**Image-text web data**
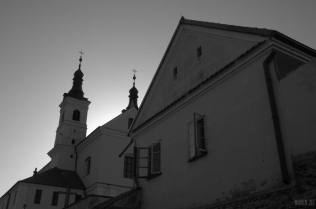 Post-Camaldolese monastery - Wigry, Poland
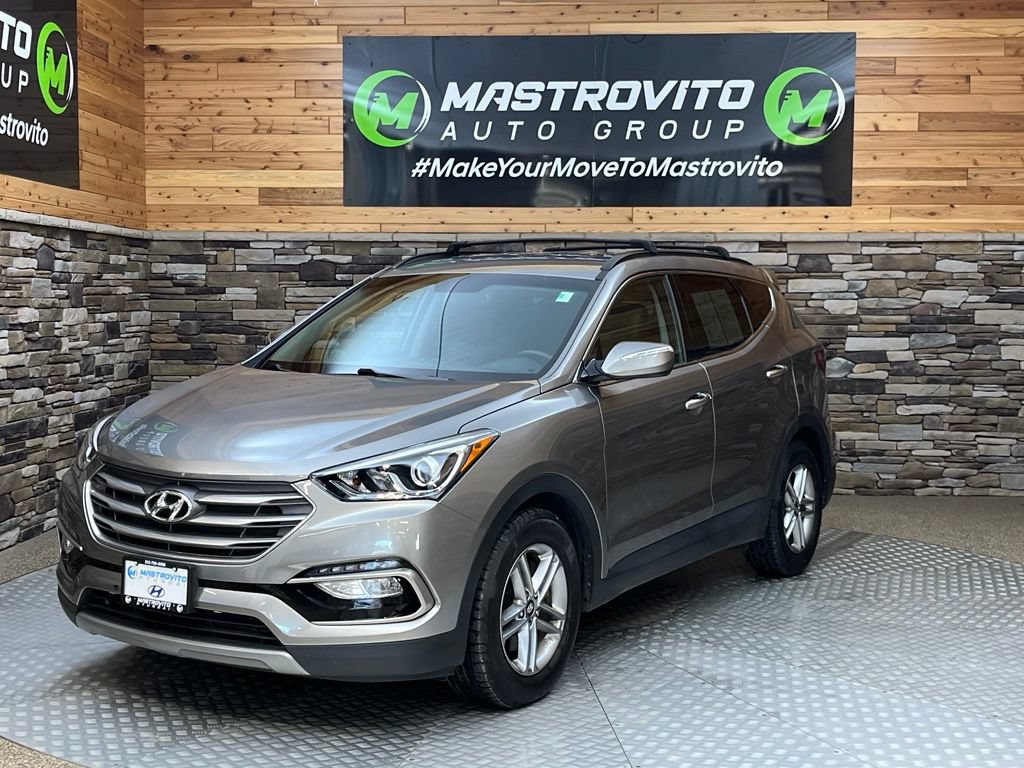 Used 2018 Hyundai Santa Fe Sport AWD/4WD image 8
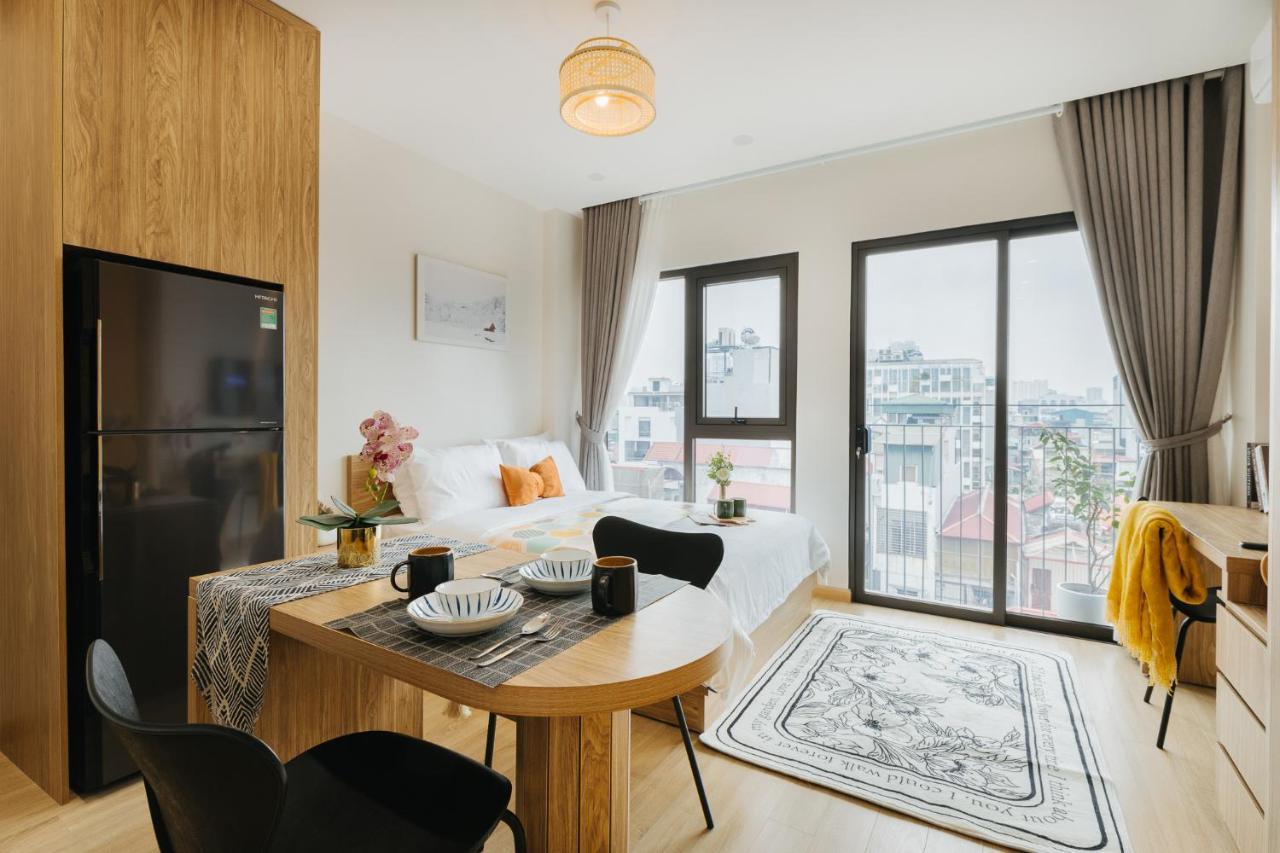 Myrcella Urban Studio Hanoï Extérieur photo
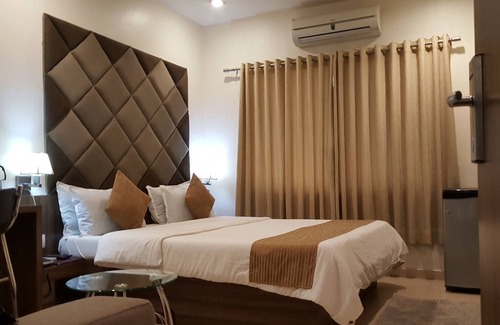 Rajkot Hotel | The Evergrand Palace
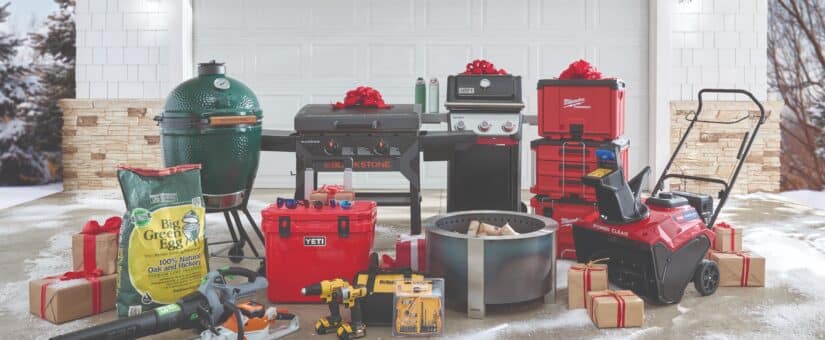Wrap It In Red: Ace Hardware Unveils Curated Gift Guides for the Holiday Season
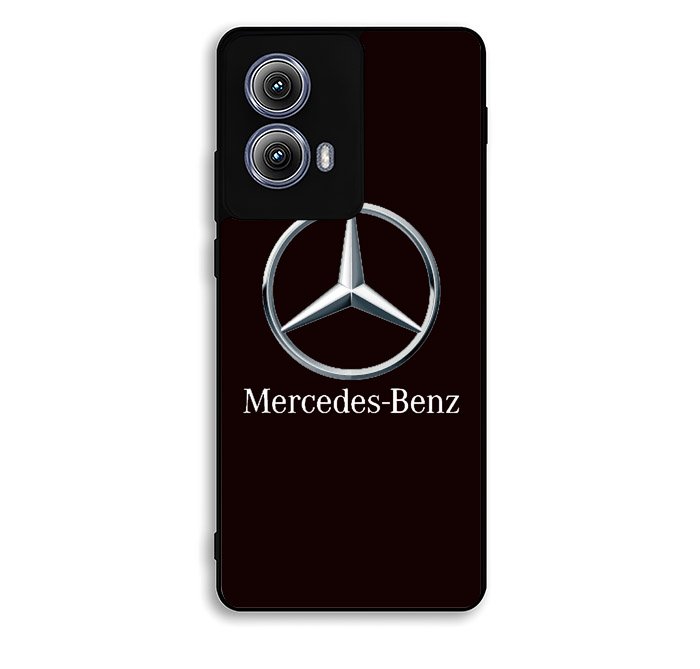 Mercedes Bens Logo Motorola Moto Edge 2024 Case FE0970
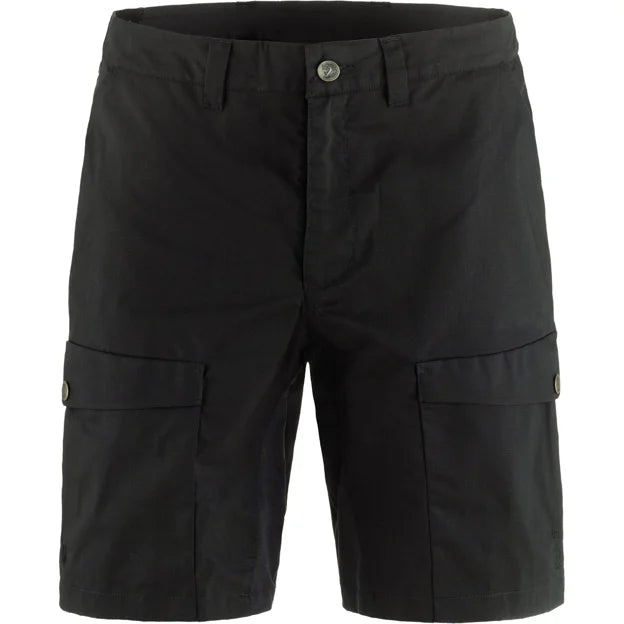 Abisko Hybrid Trail Shorts M Black 44 Main image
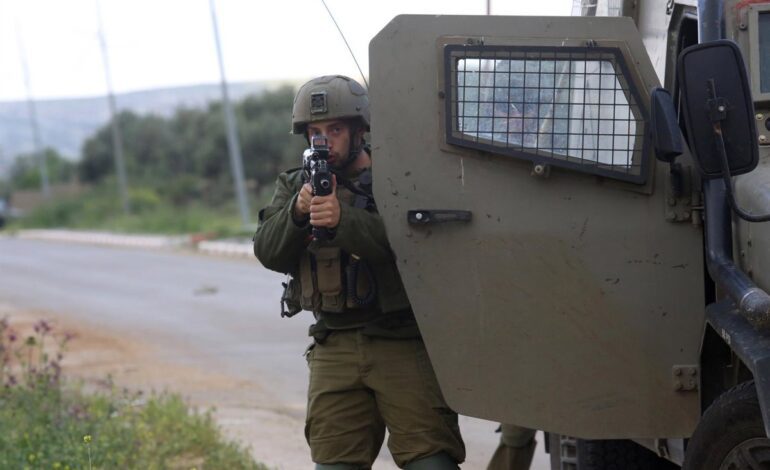 El Ejército de Israel despliega dos batallones adicionales en Cisjordania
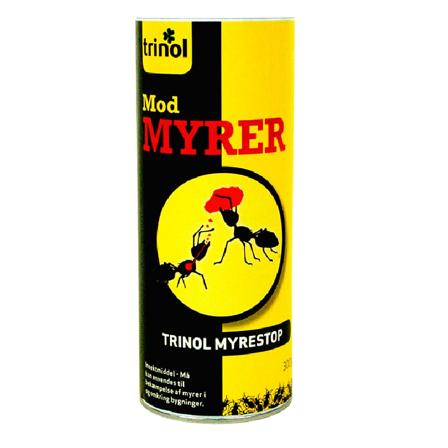 Trinol Myrestop 300 g, Tøj & Bolig, Skadedyrsbekæmpelse, Myrer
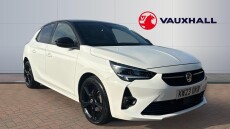 Vauxhall Corsa 1.2 Turbo GS 5dr Petrol Hatchback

**YOUR TASK**
Restate word for word only the lines from where the entries begin through the one with "Abisko Hybrid Trail"; omit the pictures.

**TASK RESULT**
 Post-Camaldolese monastery - Wigry, Poland
 Used 2018 Hyundai Santa Fe Sport AWD/4WD image 8
 Myrcella Urban Studio Hanoï Extérieur photo
 Rajkot Hotel | The Evergrand Palace
Wrap It In Red: Ace Hardware Unveils Curated Gift Guides for the Holiday Season
 Mercedes Bens Logo Motorola Moto Edge 2024 Case FE0970
 Abisko Hybrid Trail Shorts M Black 44 Main image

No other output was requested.